The soft yoke 66 can include conduits for flowing fluid between floating natural gas processing stations and transport vessels or the like. For example, the soft yoke 66 can include a yoke offload flexible conduit 98 and a yoke vapor return flexible conduit 99. The yoke offload flexible conduit 98 can be used to flow fluid, such as liquefied natural gas, from the floating natural gas processing stations to waiting transport vessels or the like. The fluid can be a liquefied natural gas or another liquid.

The yoke offload flexible conduit 98 can flow the fluid from the floating natural gas processing station into storage tanks on the transport vessel.
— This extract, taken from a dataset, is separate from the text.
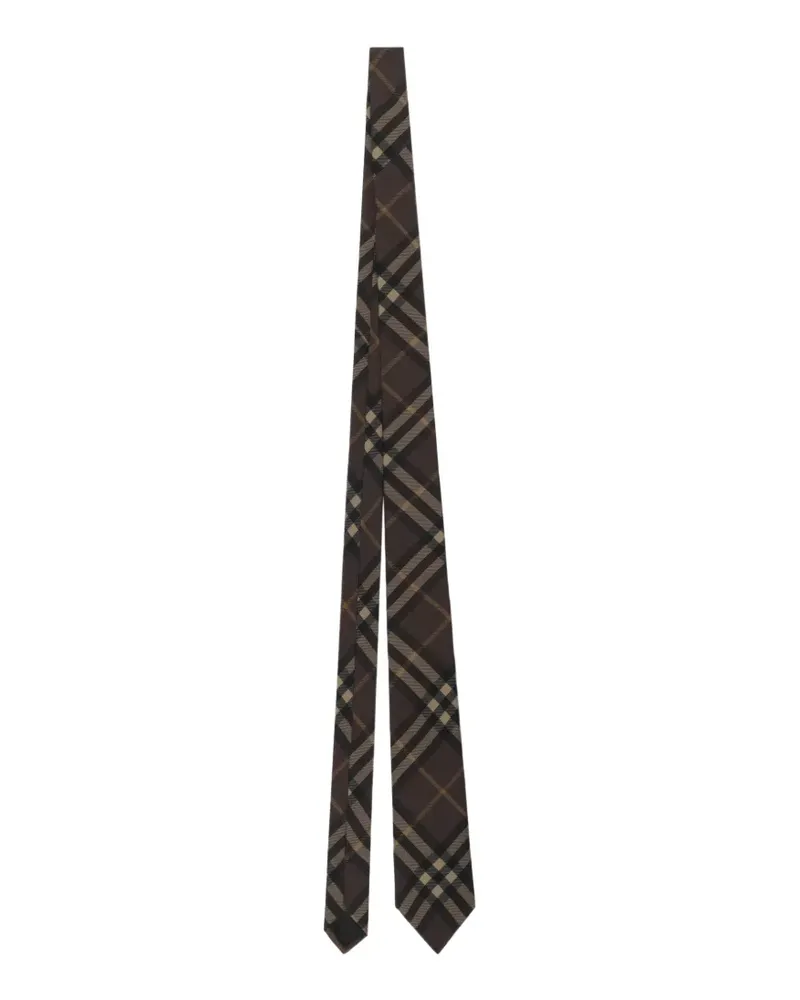 Burberry Seidenkrawatte mit Check - Braun Braun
The transport vessel can receive, store, transport, and offload the fluid.

The yoke vapor return conduit 99 can flow hydrocarbon vapor formed during offloading of the fluid back from the transport vessel to the floating natural gas processing station. For example, the yoke vapor return flexible conduit 99 can be in fluid communication with a station heat exchanger (shown in FIG. 5). The station heat exchanger can be a cold box, for receiving the formed vapor and cooling the vapor for reprocessing using a station mounted liquefaction train (also shown in FIG. 5). The hydrocarbon vapor can serve as a fuel supply for the floating natural gas processing station or the like.
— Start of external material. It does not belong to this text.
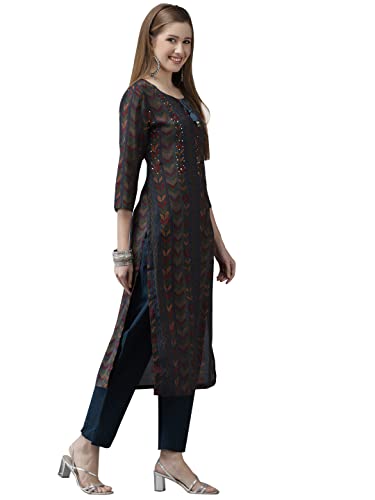 Image of ishin Women's Rayon Burgundy Embellished A-Line Kurta set With Skirt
The yoke offload flexible conduit 98 and the yoke vapor return conduit 99 can each be made from about eight inch to about ten inch diameter rigid pipe, or from a similar diameter flexible composite cryogenic hose, or combinations thereof. The yoke offload flexible conduit 98 and the yoke vapor return conduit 99 can be any size or material as required for the particular application, given particular flow rates, pressures, and storm conditions. For example, the yoke offload flexible conduit 98 and the yoke vapor return conduit 99 can be 3 inch or larger diameter reinforced hose, a draped hose, or a festooned hose.
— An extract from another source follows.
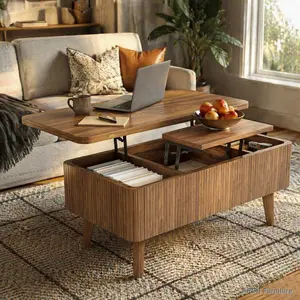 3-in-1 Lift Top Coffee Table - Oval Fluted Panel Walnut Wood Convertible Modern Center Table with Hidden Compartment, Hydraulic Rod & Rustic Dining Surface for Small Living Spaces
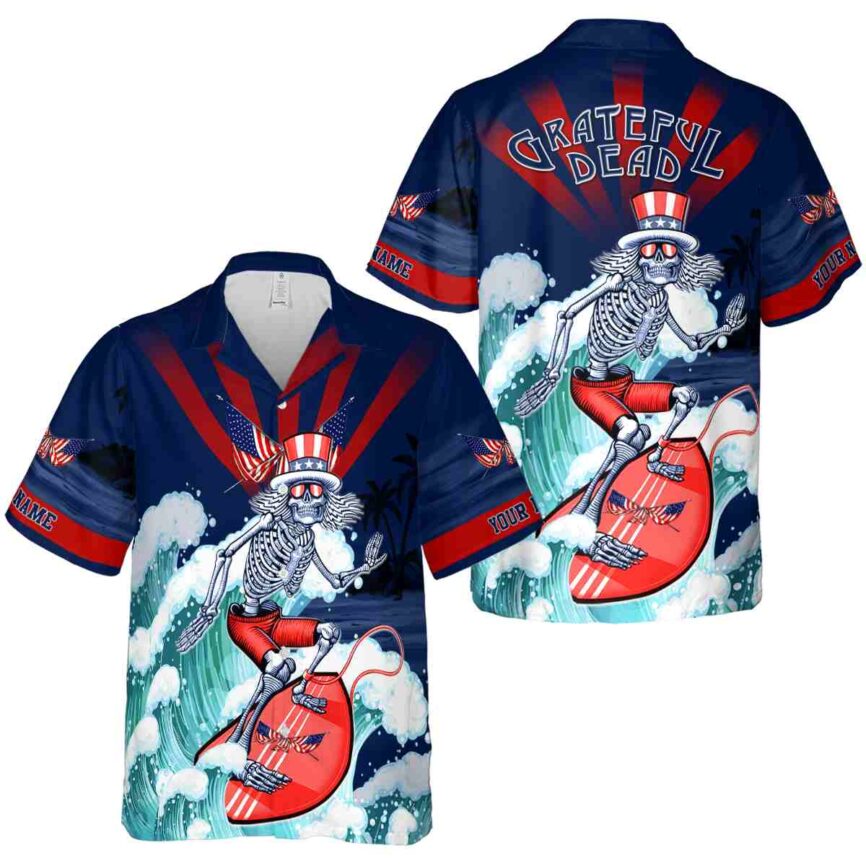 Personalized Patriotic Grateful Dead Motif Hawaiian Shirt Premium grade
The yoke offload flexible conduit 98 can have a jib flexible portion 109a, and the yoke vapor return flexible conduit 99 can have a jib flexible portion 109b. The jib flexible portions 109a and 109b can allow the yoke offload flexible conduit 98 and the yoke vapor return conduit 99 to move easily along with the boom 80 as the jib 92 expands and retracts within the boom 80. Since the boom 80 can be raised and lowered using the first and second tensioners 90 and 91, the jib flexible portions 109a and 109b can enable the yoke offload flexible conduit 98 and the yoke vapor return conduit 99 to have enough range of motion and flexibility to move with the boom 80 without fracturing or being over tensioned.

The yoke offload flexible conduit 98 can have a first rigid portion 110a, and the yoke vapor return flexible conduit 99 can have a second rigid portion 110b. The rigid portions 110a and 110b can provide a rigid connection between the yoke offload flexible conduit 98, the yoke vapor return conduit 99, and the boom 80, allowing the boom 80 to securely move the yoke offload flexible conduit 98 and the yoke vapor return conduit 99 as the boom 80 moves.

The yoke offload flexible conduit 98 and the yoke vapor return flexible conduit 99 can be secured to the boom 80, such as by gussets 105a and 105b, and support structures 114a, 114b, and 114c. Each support structure 114a, 114b, and 114 and gusset 105a and 105b can be pivotable and/or rotatable.

The soft yoke 66 can include one or more low pressure fluid accumulators 113a, 113b, 113c, and 113d for the first and second centralizing cylinders 94 and 95. The one or more low pressure accumulators 113a, 113b, 113c, and 113d can have a pressure from about 30 psi to about 300 psi each.

The soft yoke 66 can include a connection interface 103 for connecting the soft yoke 66 to the transport vessel or the like. For example, the connection interface 103 can be a primary quick connect/disconnect connector with a secondary emergency disconnect connector and a tertiary disconnect connector that engages a mooring socket on a transport vessel.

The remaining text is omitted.